August 24, 2018 Part I




ROCKWELL KENT WILDERNESS CENTENNIAL JOURNAL
100 YEARS LATER
by Doug Capra © 2018
August 24, 2018

100 years ago -- Kent and Rockie arrive in Seward aboard the Admiral Farragut. They probably had made brief stops at Cordova, and later Valdez in Prince William Sound. As they crossed the Gulf of Alaska, Kent and Rocky stood on deck and viewed the scenery. It was late in the season, but it still stayed light enough for them to see the coastal mountain ranges and the blows and tails of some Pacific Humpback Whales. Most of the Humpbacks would soon begin their long migration to Hawaiian waters to mate and give birth – but those between breeding seasons and some too young or too old stayed the winter. The Kents may have seen the dorsal fins of killer whales or Dall’s Porpoise. In those open waters, sooty shearwaters flap, flap glided inside and out of the wave troughs, and black-legged kittiwakes may have followed the ship.

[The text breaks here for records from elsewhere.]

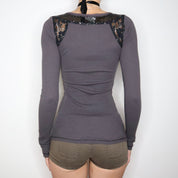 Y2K Gray Long Sleeve Henley Tee (XS)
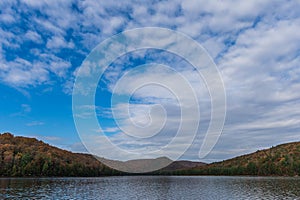 Autumn Time in Long pine reservoir in Michaux State Forest in Pe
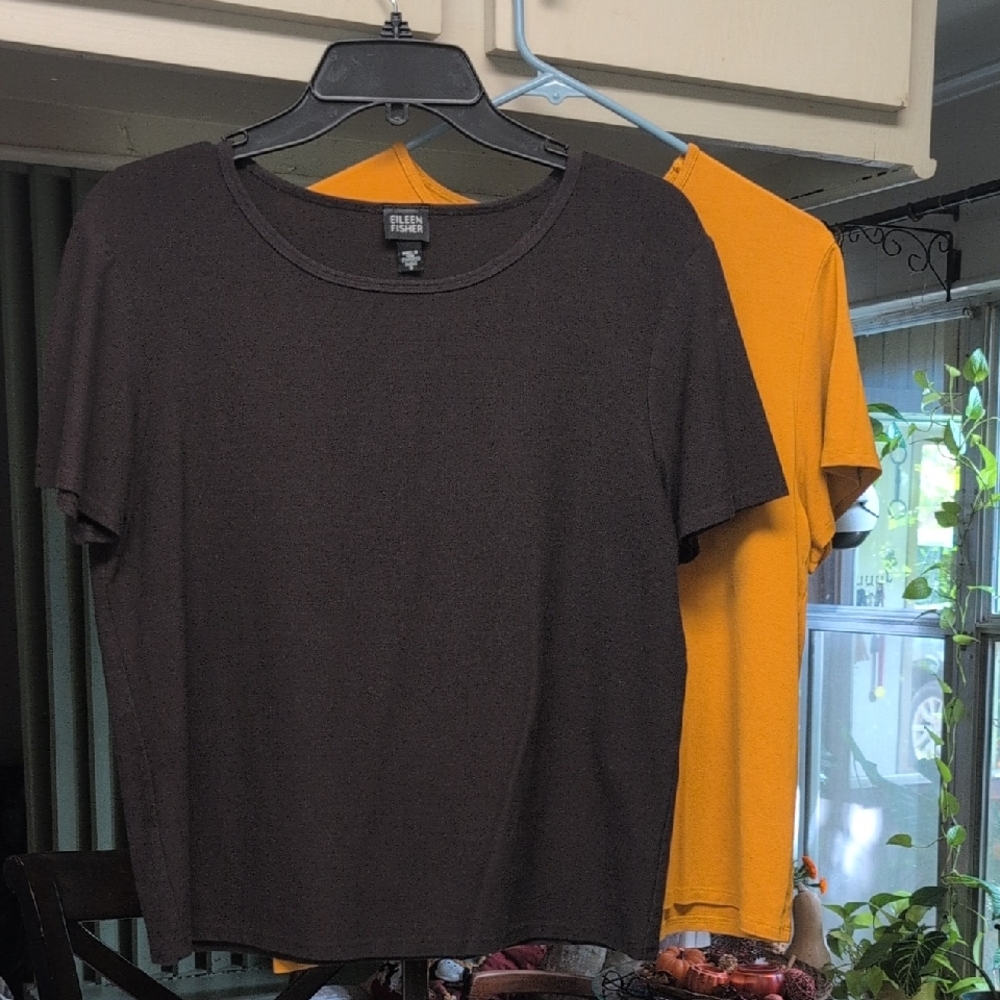 Eileen Fisher Brown and Yellow Tops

On their way to Seward the Kents saw real wilderness as they traveled along the coasts of the two largest national forests in the U.S. The Tongess National Forest is the size of West Virginia (17 million acres)) and stretches along the Inside Passage. From Yakutat to Seward they experienced the Chugach National Forest which is the size of New Hampshire (nearly 7 million acres) with only 90 miles of Forest Service roads and 500 miles of trails. Thirty percent of it is covered with ice, including the Sargent Icefield with its 20 tidewater glaciers including Ellsworth Glacier, 16 miles long. Both were established in 1907. Kent had seen wilderness before in Newfoundland, but this was different in its expanse and size alone. Perhaps he wondered how he could ever capture this essence on canvass.

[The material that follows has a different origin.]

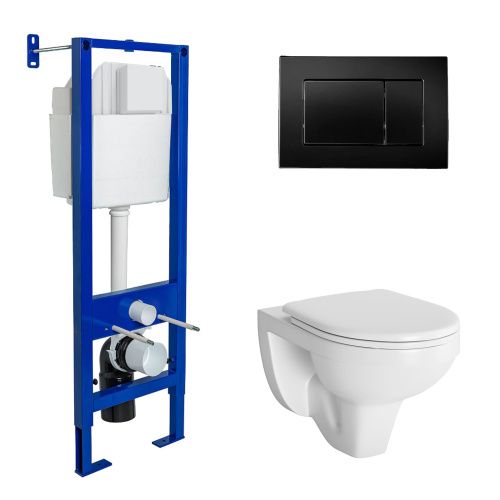 Комплект унитаз с инталляцией и клавишей смыва Berges АТОМ 042431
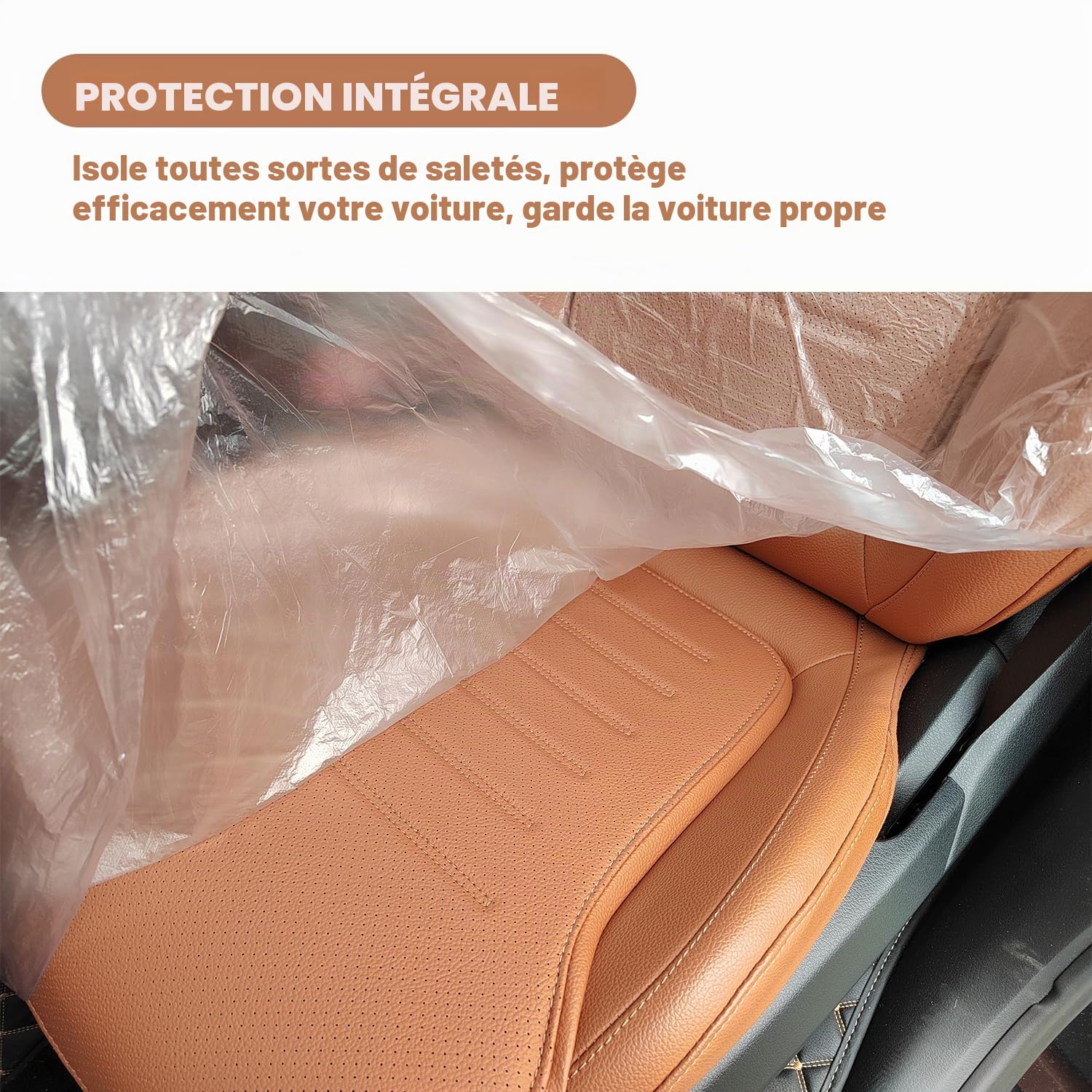 IHOTDER Lot de 50 Housses de siège de Voiture jetables en Plastique imperméable pour Voitures, camions, Bus, sièges de Voiture, Accessoires d'intérieur pour Femme/Homme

Kent talked with old timers along the way and met Conrad Birkhofer, a man who for many years had spent a month every summer hiking unarmed in Alaska’s wilds. He knew the territory. Kent told him why he was in Alaska and where he wanted to settle. Why go to Seldovia? Birkhofer challenged Kent. You can find just what you’re looking for at Resurrection Bay.

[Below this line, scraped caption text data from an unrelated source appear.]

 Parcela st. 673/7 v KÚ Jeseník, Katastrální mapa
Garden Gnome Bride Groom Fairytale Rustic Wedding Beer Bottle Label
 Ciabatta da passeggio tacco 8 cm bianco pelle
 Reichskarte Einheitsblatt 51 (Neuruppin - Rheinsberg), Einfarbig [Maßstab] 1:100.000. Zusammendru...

As the vessel sailed past Day Harbor, the father and son may have noticed Ellsworth Glacier to the north emerging from the Sargent Icefield in the Chugach National Forest. Soon Bear Glacier came into view dead ahead, just around the corner of what today is called Callisto Head. In 1918 it was still part of Caines Head as Kent labels it on the chart he drew of Resurrection Bay. Bear Glacier is one of many outlet glaciers that flow down from the Harding Icefield, the largest in Kenai Fjords National Park.
As they passed Cape Resurrection, Steller sea lions roared on the rocks, perhaps a coastal mountain goat grazed precariously high upon the cliffs, and the last of the great flocks of black-legged Kittiwakes swarmed nearby. Though it was late in the season and the outward migration had begun, they may have seen some stray Horned or Tufted Puffins or Common Murres on the water – but most of those pelagic birds had left their nests and already headed a few hundred miles out to sea where they would spend the winter. The Admiral Farragut sailed between Rugged Island to the south and Hive Island to the north into Resurrection Bay.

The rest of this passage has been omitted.